- [REQUIREMENT] Your copy begins at the line with "1544 Willowgate Dr, San" and runs through the end of the data below. Set down only those lines exactly, without pictures.

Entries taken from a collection

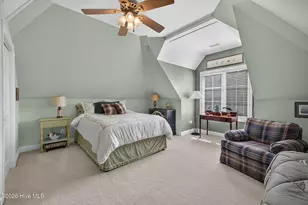 1809 Mews Dr, Wilmington, NC 28405 - Photo 59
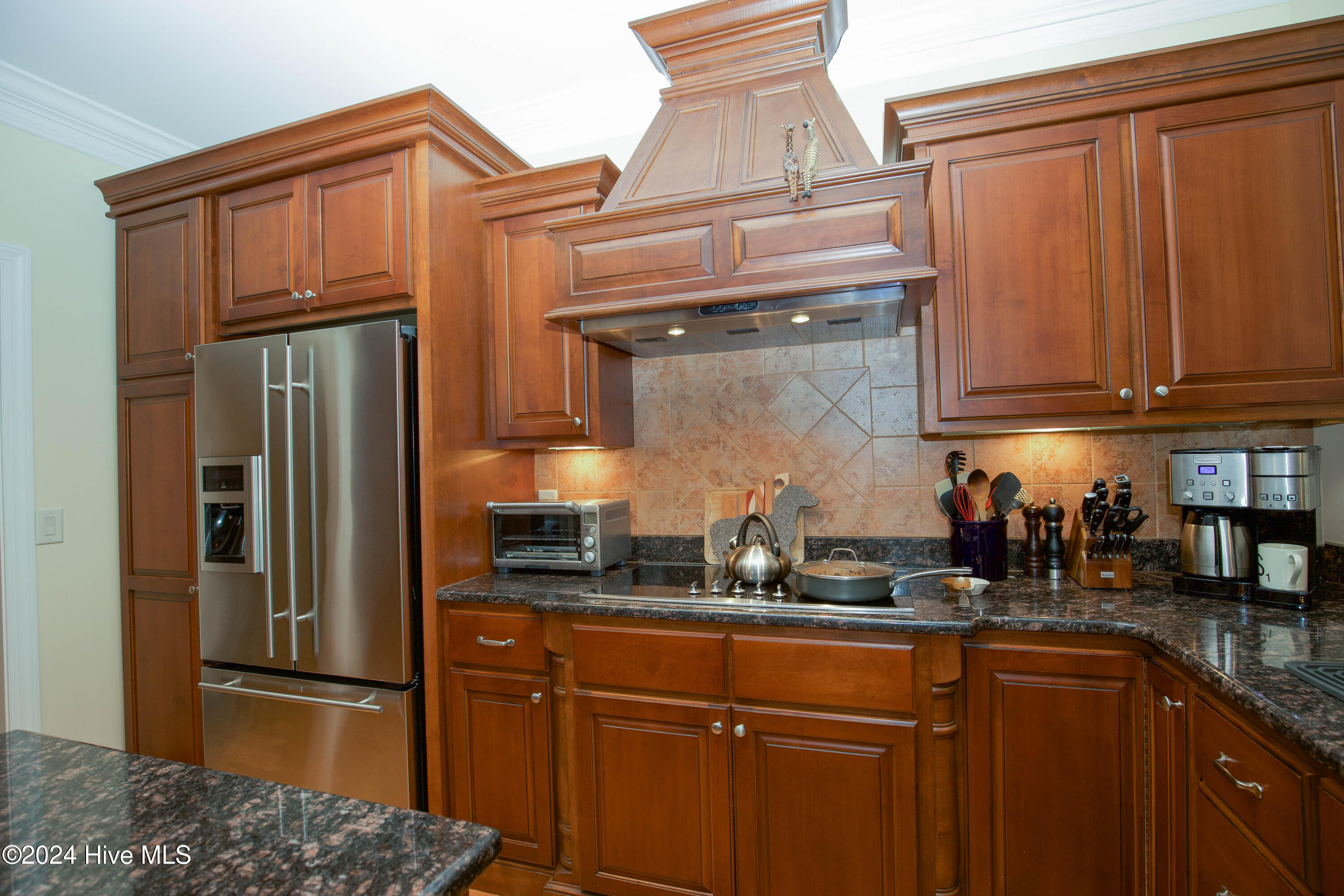 54 Kilbride Drive Property Photo 9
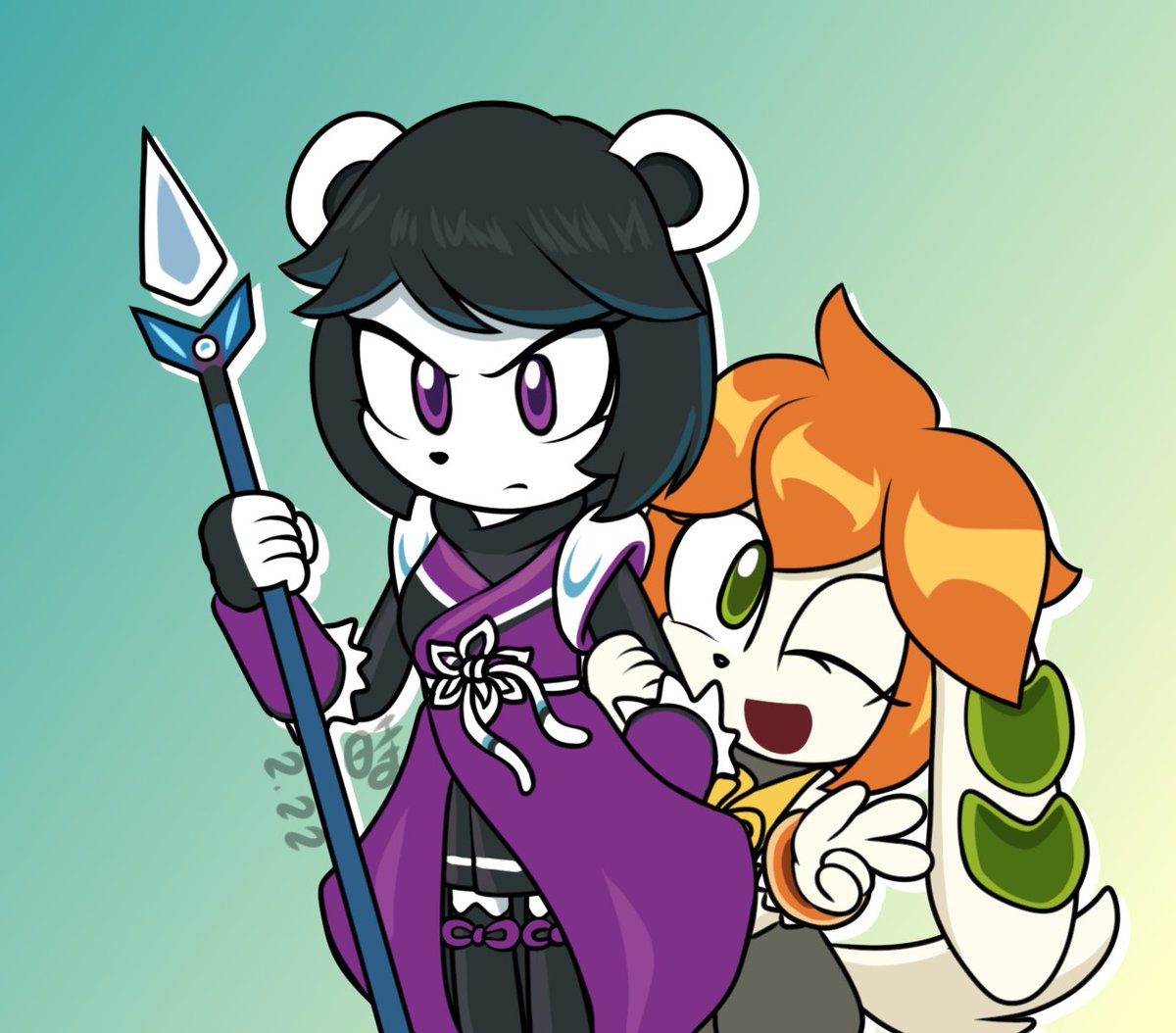 时速尾巴英里 tweet media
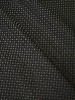 ATRIUM-BLACK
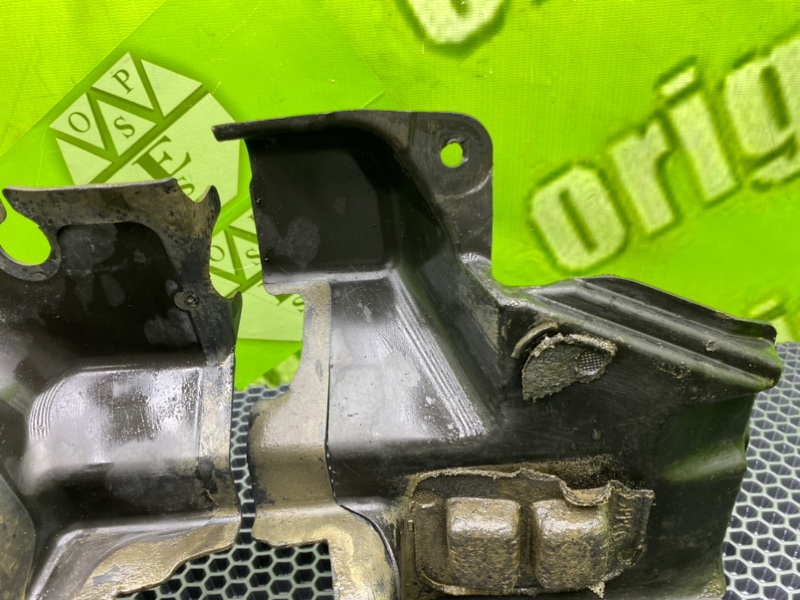 Пыльник рулевой рейки, 1200 рублей, Калининград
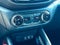 2021 Chevrolet Trailblazer FWD 4dr RS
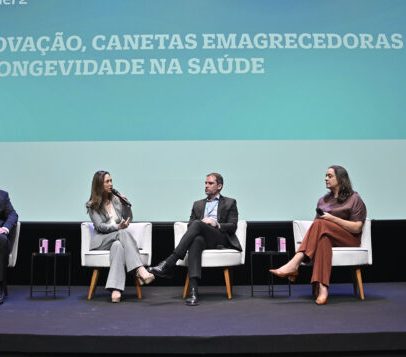 EMS, Fleury e Anvisa avaliam potencial da semaglutida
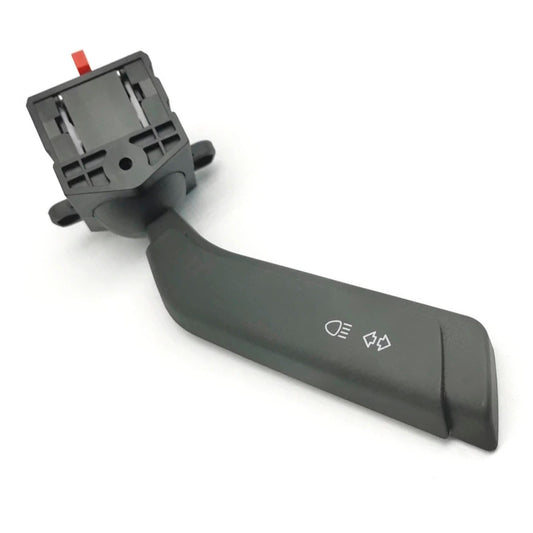 Interruttore indicatori di direzione 22943668 per Volvo VN FH/FM/FMX/NH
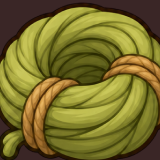 Crafting Resources Ores Crystals Herbs Monster Materials Icons Pack
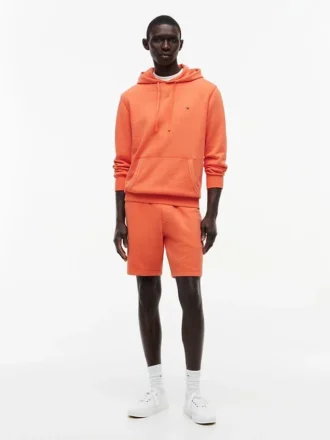 Essential Terry -froteeshortsit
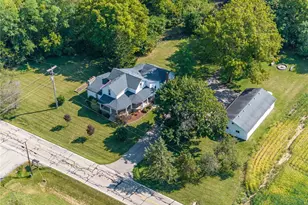 4255 S Iddings Rd, West Milton, OH 45383 - Photo 36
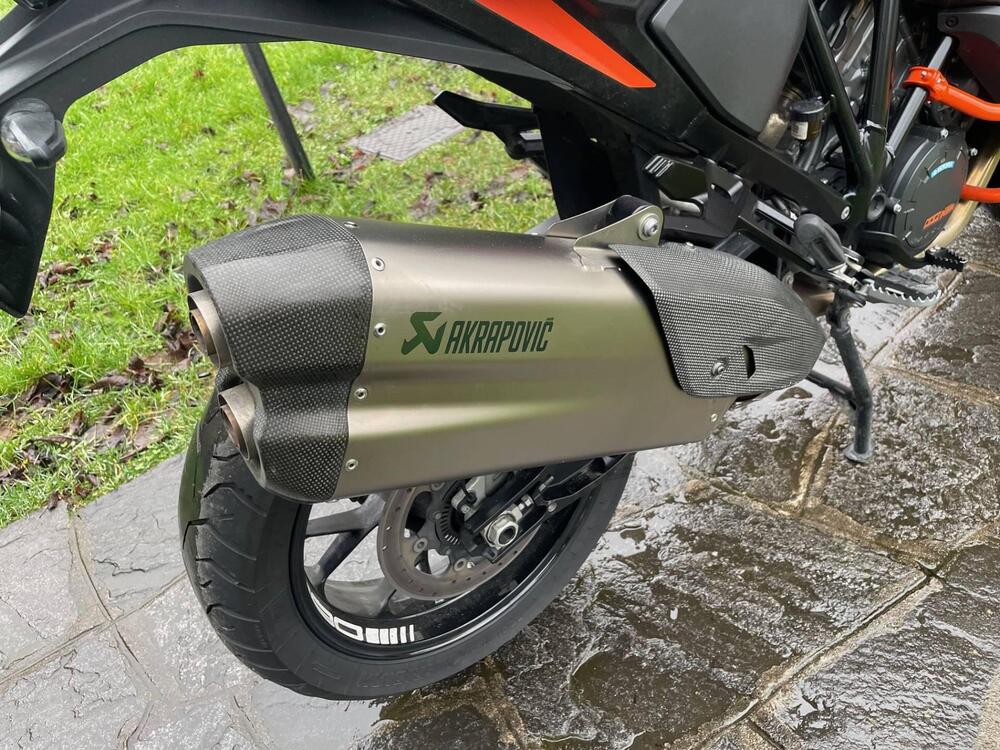 KTM 1290 Super Adventure S (2021) (6)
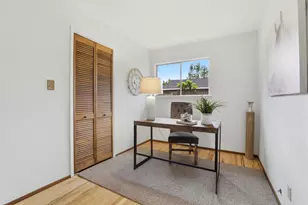 1544 Willowgate Dr, San Jose, CA 95118 - Photo 24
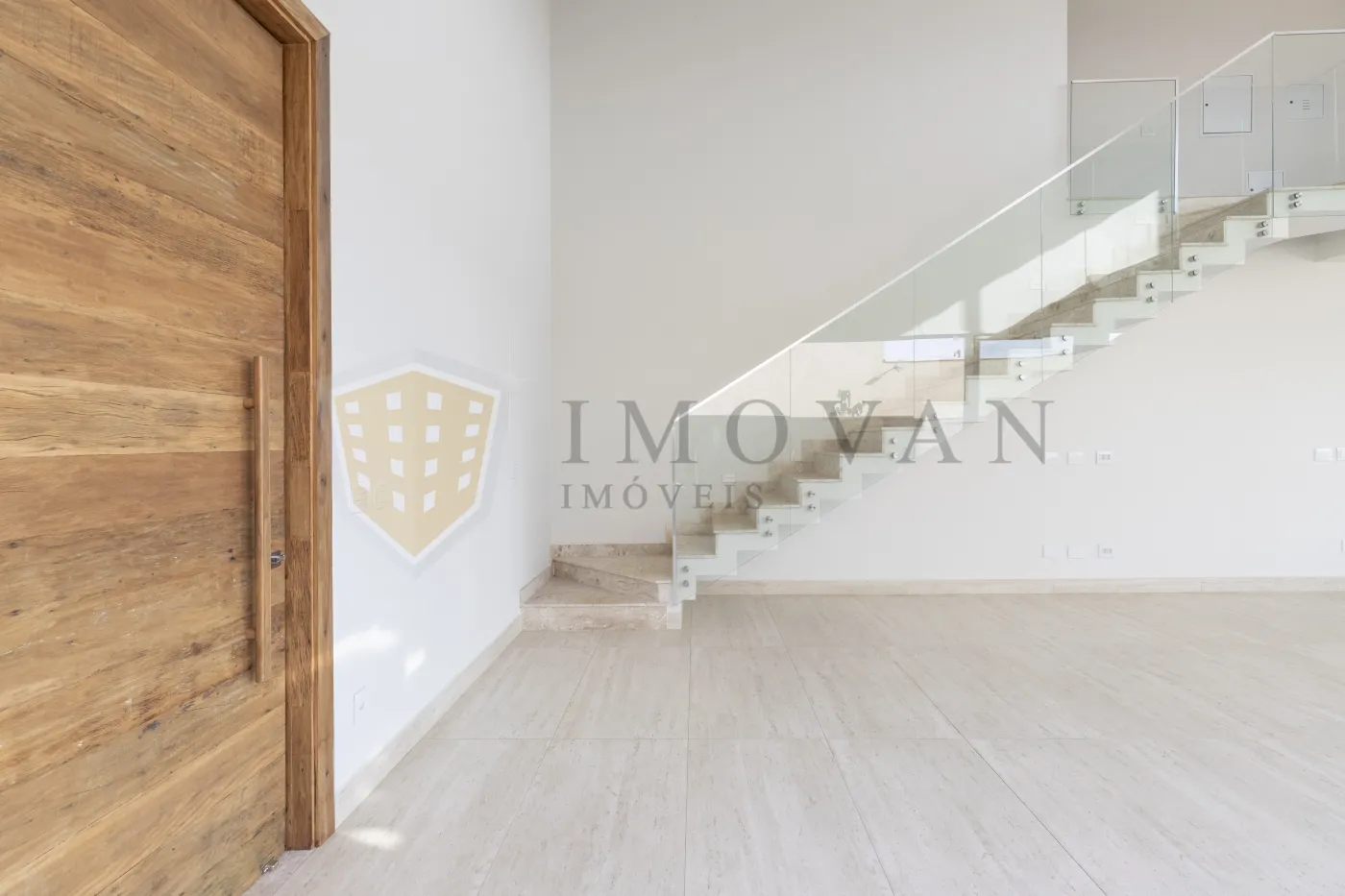 Comprar Casa / Condom&iacute;nio em Bonfim Paulista R$ 2.750.000,00 - Foto 8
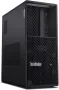 Б/В Комп'ютер Lenovo P3 Tower Workstation(ThinkStation)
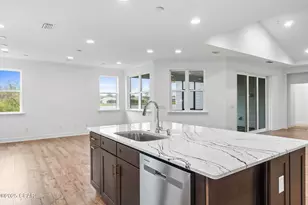 8736 Lime Dr, Panama City Beach, FL 32413 - Photo 8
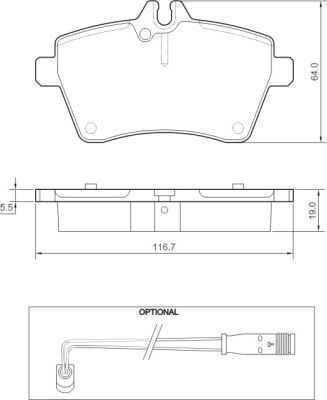 Зображення 2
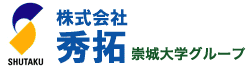 shutaku_logo.gif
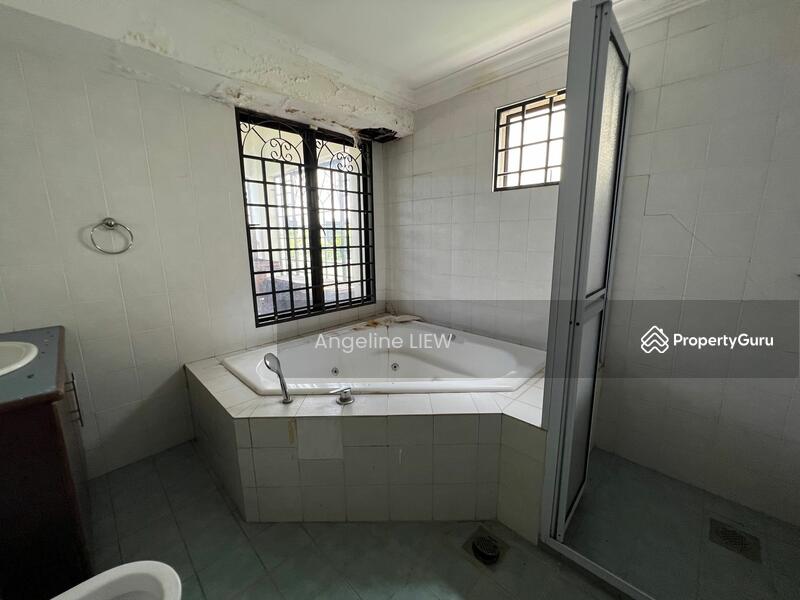 For Sale - Bangsar Shopping Centre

- [OUTPUT]
 1544 Willowgate Dr, San Jose, CA 95118 - Photo 24
 Comprar Casa / Condom&iacute;nio em Bonfim Paulista R$ 2.750.000,00 - Foto 8
 Б/В Комп'ютер Lenovo P3 Tower Workstation(ThinkStation)
 8736 Lime Dr, Panama City Beach, FL 32413 - Photo 8
 Зображення 2
 shutaku_logo.gif
 For Sale - Bangsar Shopping Centre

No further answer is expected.